= WORK TO COMPLETE =
A partial copy is required: transcribe exactly the lines from the one containing "NIKE AIR MAX" through the last line below, without any pictures.

= INPUT DATA =

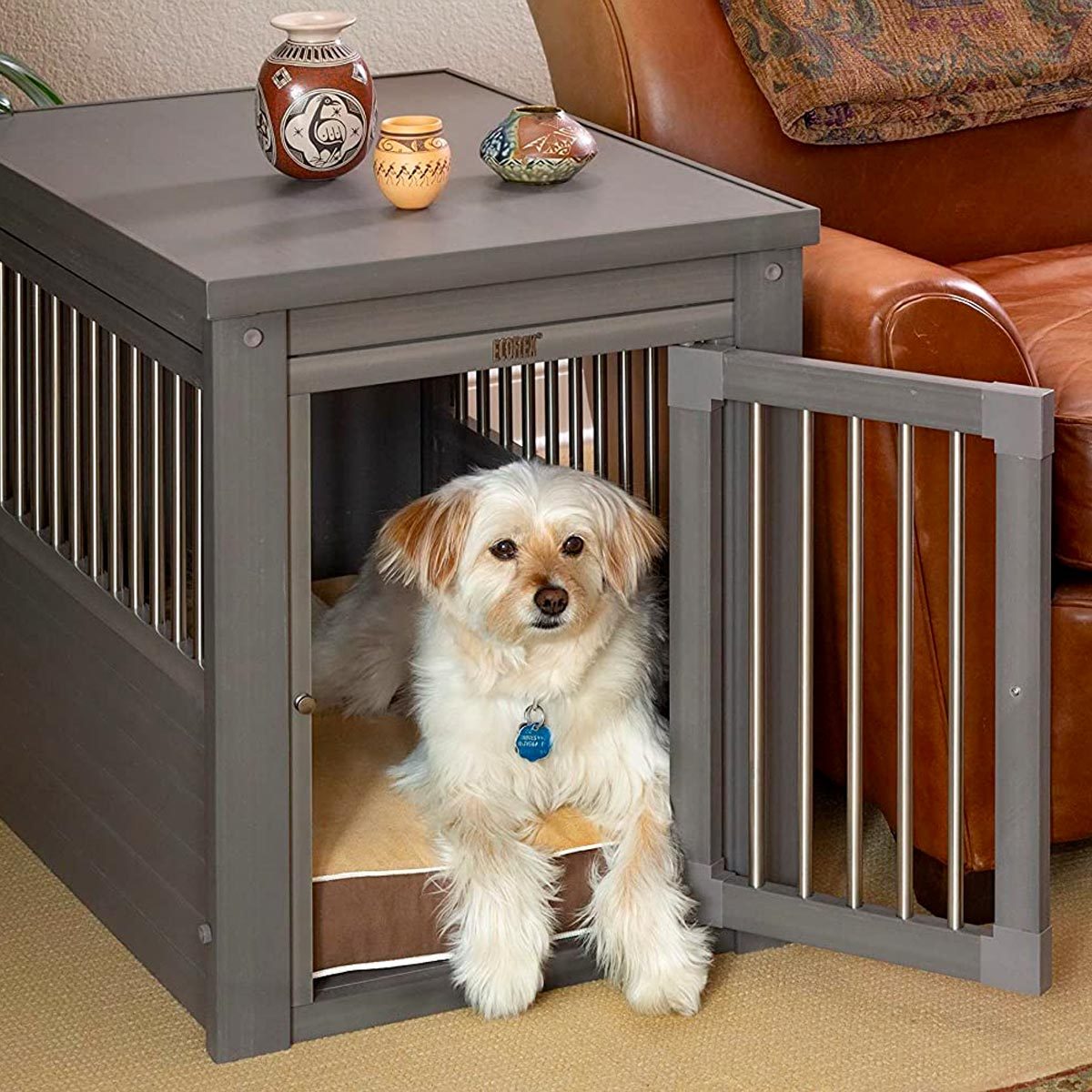 Ecoflex Pet Crate End Table 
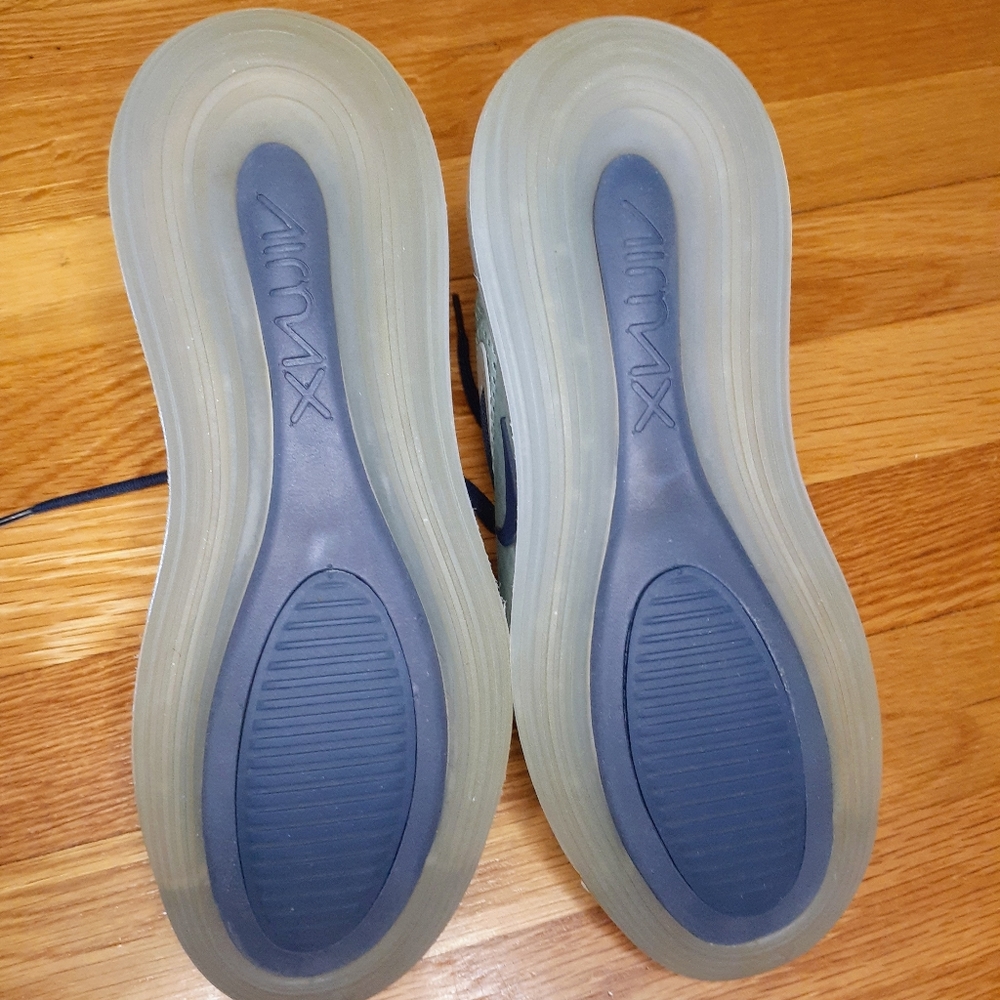 NIKE AIR MAX 270 WOMEN'S Size 6.5 Met. Silver & Mid. NAVY - Picture 5 of 5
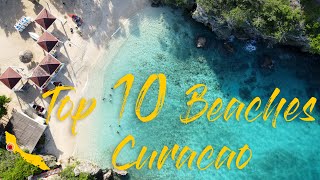 Curacao TOP 10 Beaches on the Island  Travel Guide [upl. by Llehcar]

= SOLUTION FOR THIS EXERCISE =
 NIKE AIR MAX 270 WOMEN'S Size 6.5 Met. Silver & Mid. NAVY - Picture 5 of 5
 Curacao TOP 10 Beaches on the Island  Travel Guide [upl. by Llehcar]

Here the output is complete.